Solve for the respective values of y:

`\begin{gathered} y=x-8 \\ \text{When x=14,}y=14-8=6\implies(14,6) \\ \text{When x=4,}y=4-8=-4\implies(4,-4) \end{gathered}`

The value (4,-4) is invalid since we are dealing with heights above the ground and -4 is below the ground.

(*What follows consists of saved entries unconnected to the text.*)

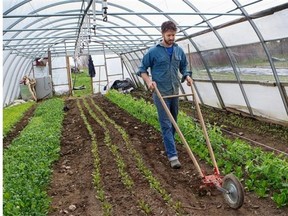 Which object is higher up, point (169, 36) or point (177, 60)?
point (169, 36)

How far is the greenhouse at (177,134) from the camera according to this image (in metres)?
3.89

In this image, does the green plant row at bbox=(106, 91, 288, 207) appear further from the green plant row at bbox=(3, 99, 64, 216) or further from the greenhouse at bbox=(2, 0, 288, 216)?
the green plant row at bbox=(3, 99, 64, 216)

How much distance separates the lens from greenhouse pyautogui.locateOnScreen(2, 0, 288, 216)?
153 inches

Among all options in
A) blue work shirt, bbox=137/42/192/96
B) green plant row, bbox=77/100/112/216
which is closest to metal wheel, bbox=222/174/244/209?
green plant row, bbox=77/100/112/216

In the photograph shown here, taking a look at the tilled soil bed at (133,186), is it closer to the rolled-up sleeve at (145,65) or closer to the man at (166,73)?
the man at (166,73)

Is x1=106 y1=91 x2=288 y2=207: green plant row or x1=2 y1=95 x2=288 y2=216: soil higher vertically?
x1=106 y1=91 x2=288 y2=207: green plant row

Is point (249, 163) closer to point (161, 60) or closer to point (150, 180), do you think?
point (150, 180)

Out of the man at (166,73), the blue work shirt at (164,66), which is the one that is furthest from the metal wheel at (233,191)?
the blue work shirt at (164,66)

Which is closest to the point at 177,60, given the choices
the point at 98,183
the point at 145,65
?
the point at 145,65

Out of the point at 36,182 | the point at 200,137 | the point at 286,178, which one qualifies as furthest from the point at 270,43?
the point at 36,182

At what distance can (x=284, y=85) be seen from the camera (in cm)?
729

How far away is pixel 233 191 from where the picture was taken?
11.5 feet

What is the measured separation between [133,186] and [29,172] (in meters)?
1.48

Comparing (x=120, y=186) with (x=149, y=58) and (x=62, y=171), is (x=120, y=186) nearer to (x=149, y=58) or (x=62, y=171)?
(x=62, y=171)
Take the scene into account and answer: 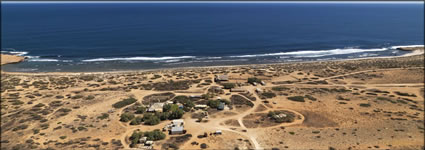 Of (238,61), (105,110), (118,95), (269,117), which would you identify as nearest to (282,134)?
(269,117)

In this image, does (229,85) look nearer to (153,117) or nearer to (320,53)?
(153,117)

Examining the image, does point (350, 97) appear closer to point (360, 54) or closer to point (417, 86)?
point (417, 86)

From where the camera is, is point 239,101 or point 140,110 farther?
point 239,101

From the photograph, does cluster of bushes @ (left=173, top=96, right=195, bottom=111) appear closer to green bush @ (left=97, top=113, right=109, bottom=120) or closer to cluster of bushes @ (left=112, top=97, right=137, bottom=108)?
cluster of bushes @ (left=112, top=97, right=137, bottom=108)

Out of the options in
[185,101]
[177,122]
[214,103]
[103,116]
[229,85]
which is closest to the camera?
[177,122]

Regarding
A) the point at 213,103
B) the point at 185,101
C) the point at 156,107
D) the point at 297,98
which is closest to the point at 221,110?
the point at 213,103

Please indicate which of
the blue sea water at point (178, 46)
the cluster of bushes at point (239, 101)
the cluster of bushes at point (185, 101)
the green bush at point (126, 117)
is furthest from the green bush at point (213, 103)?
the blue sea water at point (178, 46)

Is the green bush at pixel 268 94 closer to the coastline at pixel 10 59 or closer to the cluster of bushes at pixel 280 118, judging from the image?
the cluster of bushes at pixel 280 118

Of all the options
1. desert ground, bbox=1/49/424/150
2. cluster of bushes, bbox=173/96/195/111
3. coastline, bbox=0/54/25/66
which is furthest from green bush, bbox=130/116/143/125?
coastline, bbox=0/54/25/66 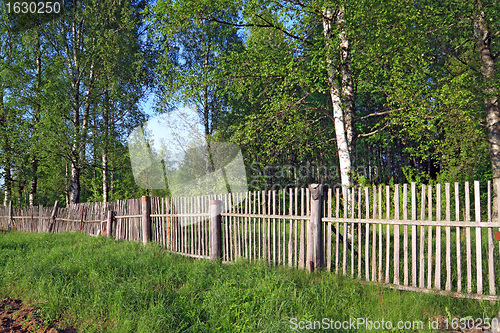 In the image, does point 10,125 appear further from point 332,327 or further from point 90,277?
point 332,327

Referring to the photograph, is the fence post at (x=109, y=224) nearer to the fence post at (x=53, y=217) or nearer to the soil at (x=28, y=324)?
the fence post at (x=53, y=217)

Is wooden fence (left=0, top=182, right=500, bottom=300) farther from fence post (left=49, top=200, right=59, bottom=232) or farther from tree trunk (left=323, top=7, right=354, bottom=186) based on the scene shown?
fence post (left=49, top=200, right=59, bottom=232)

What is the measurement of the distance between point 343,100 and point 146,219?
245 inches

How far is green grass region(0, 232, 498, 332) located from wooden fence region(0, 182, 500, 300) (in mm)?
353

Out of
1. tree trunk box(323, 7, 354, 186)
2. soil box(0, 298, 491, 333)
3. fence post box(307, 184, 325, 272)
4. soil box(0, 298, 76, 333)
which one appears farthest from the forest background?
soil box(0, 298, 76, 333)

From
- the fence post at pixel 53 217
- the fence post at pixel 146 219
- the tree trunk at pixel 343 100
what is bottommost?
the fence post at pixel 53 217

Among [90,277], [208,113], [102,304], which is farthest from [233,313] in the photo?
[208,113]

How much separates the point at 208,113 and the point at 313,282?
1340 centimetres

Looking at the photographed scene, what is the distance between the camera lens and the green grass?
3879 mm

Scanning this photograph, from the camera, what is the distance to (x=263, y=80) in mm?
8031

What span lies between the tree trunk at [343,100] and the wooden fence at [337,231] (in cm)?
86

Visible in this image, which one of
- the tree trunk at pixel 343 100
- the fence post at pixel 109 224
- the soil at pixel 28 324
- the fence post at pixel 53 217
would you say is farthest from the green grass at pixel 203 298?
the fence post at pixel 53 217

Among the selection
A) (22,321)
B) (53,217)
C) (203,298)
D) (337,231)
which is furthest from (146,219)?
(53,217)

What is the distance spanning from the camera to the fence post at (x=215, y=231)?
274 inches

The cable and strut intersect at the point (14,6). That is 14 feet to the right of the origin and 6 feet above the ground.

Model 3

The equation of the two struts in this case are:

`y=\sqrt[]{x+8},y=\sqrt[]{x-4}`

Part 8

The graph showing the two struts is given below:

Part 9

When the two struts are two feet apart, we have that:

`\sqrt[]{x+8}-\sqrt[]{x-4}=2`

We solve for x.

Begin by squaring both sides.

`\begin{gathered} (\sqrt[]{x+8}-\sqrt[]{x-4})^2=2^2 \\ (\sqrt[]{x+8}-\sqrt[]{x-4})^{}(\sqrt[]{x+8}-\sqrt[]{x-4})^{}=4 \\ (\sqrt[]{x+8})^2-2(\sqrt[]{x+8})(\sqrt[]{x-4})+(\sqrt[]{x-4})^2=4 \\ x+8-2(\sqrt[]{x+8})(\sqrt[]{x-4})+x-4=4 \\ x+8+x-4-4=2(\sqrt[]{x+8})(\sqrt[]{x-4}) \\ 2x=2(\sqrt[]{x+8})(\sqrt[]{x-4}) \\ x=(\sqrt[]{x+8})(\sqrt[]{x-4}) \end{gathered}`

Square both sides again:

`\begin{gathered} x^2=\lbrack(\sqrt[]{x+8})(\sqrt[]{x-4})\rbrack^2 \\ x^2=(x+8)(x-4) \\ x^2=x^2-4x+8x-32 \\ x^2-x^2-4x+8x-32=0 \\ 4x-32=0 \\ 4x=32 \\ x=(32)/(4)=8 \end{gathered}`

Part 10

At x=8, the two struts are 2 feet apart. Thus, the beam should be placed 8 feet to the right of the origin.